**THE TASK**. In the material below, the required lines run from the one containing "84 Upland Street, Brooks, AB" through the one containing "Villa su tre". Copy those lines exactly, ends included, and nothing else.
DATA FOR THIS EXERCISE START
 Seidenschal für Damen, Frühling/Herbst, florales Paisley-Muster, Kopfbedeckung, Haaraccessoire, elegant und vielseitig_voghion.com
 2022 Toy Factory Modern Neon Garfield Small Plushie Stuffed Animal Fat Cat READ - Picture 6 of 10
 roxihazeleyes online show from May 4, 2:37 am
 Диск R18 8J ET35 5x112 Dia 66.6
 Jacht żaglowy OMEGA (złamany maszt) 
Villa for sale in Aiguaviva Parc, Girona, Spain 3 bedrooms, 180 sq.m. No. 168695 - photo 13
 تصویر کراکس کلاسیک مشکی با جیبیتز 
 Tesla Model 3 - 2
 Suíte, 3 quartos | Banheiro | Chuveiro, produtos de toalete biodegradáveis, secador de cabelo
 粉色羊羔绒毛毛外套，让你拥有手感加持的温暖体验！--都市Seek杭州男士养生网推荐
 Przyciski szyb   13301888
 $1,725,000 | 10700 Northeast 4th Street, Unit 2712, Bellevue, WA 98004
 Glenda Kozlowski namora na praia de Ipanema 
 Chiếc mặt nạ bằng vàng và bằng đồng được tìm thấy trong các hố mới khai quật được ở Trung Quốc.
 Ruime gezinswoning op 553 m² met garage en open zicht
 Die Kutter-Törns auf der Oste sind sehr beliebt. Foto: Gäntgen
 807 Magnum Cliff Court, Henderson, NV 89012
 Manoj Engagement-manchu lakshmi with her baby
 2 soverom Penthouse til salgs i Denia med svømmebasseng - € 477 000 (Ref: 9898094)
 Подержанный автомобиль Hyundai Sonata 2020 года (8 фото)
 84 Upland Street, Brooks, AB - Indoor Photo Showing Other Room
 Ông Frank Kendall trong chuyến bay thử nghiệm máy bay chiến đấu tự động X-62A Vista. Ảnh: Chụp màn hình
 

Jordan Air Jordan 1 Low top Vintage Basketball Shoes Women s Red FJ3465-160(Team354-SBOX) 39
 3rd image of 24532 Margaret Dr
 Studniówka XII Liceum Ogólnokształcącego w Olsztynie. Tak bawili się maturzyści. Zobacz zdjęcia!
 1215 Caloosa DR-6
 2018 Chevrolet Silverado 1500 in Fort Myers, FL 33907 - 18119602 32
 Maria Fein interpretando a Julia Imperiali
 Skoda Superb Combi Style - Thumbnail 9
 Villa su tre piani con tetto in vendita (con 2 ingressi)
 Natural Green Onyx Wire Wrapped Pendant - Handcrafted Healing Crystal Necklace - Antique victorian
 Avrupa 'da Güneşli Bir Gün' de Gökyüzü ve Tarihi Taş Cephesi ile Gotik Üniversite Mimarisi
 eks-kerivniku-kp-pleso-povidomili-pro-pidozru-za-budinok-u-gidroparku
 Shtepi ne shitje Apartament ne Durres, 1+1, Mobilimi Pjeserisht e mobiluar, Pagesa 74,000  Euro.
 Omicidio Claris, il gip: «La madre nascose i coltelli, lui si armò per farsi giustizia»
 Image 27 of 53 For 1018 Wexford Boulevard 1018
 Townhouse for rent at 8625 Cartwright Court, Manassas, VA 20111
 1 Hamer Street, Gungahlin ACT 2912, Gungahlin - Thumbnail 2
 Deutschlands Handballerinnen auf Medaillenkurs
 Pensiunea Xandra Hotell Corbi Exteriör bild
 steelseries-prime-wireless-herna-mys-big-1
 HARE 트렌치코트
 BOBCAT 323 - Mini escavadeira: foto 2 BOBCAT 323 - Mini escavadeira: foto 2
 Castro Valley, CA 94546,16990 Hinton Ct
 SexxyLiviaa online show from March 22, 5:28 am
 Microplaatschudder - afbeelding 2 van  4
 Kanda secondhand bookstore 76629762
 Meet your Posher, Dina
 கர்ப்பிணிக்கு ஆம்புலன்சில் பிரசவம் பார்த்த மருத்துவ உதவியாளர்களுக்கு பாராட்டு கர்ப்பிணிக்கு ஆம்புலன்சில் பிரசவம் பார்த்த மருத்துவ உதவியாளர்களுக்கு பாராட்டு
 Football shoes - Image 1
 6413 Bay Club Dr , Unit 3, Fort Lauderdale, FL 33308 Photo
DATA FOR THIS EXERCISE END
**WRITTEN ANSWER**.
 84 Upland Street, Brooks, AB - Indoor Photo Showing Other Room
 Ông Frank Kendall trong chuyến bay thử nghiệm máy bay chiến đấu tự động X-62A Vista. Ảnh: Chụp màn hình
 

Jordan Air Jordan 1 Low top Vintage Basketball Shoes Women s Red FJ3465-160(Team354-SBOX) 39
 3rd image of 24532 Margaret Dr
 Studniówka XII Liceum Ogólnokształcącego w Olsztynie. Tak bawili się maturzyści. Zobacz zdjęcia!
 1215 Caloosa DR-6
 2018 Chevrolet Silverado 1500 in Fort Myers, FL 33907 - 18119602 32
 Maria Fein interpretando a Julia Imperiali
 Skoda Superb Combi Style - Thumbnail 9
 Villa su tre piani con tetto in vendita (con 2 ingressi)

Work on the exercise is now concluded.